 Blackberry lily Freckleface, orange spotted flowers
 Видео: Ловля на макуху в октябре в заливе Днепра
※ ※ ※
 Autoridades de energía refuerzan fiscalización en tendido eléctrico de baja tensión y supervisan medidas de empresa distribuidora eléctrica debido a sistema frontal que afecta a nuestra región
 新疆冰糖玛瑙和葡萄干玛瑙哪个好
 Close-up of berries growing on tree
※ ※ ※
> [Task]: Of the lines above, extract only those from the line with "Blackberry lily Freckleface, orange" to the line with "Видео: Ловля на", both included, exactly as written.

> [Output for this exercise]:
 Blackberry lily Freckleface, orange spotted flowers
 Видео: Ловля на макуху в октябре в заливе Днепра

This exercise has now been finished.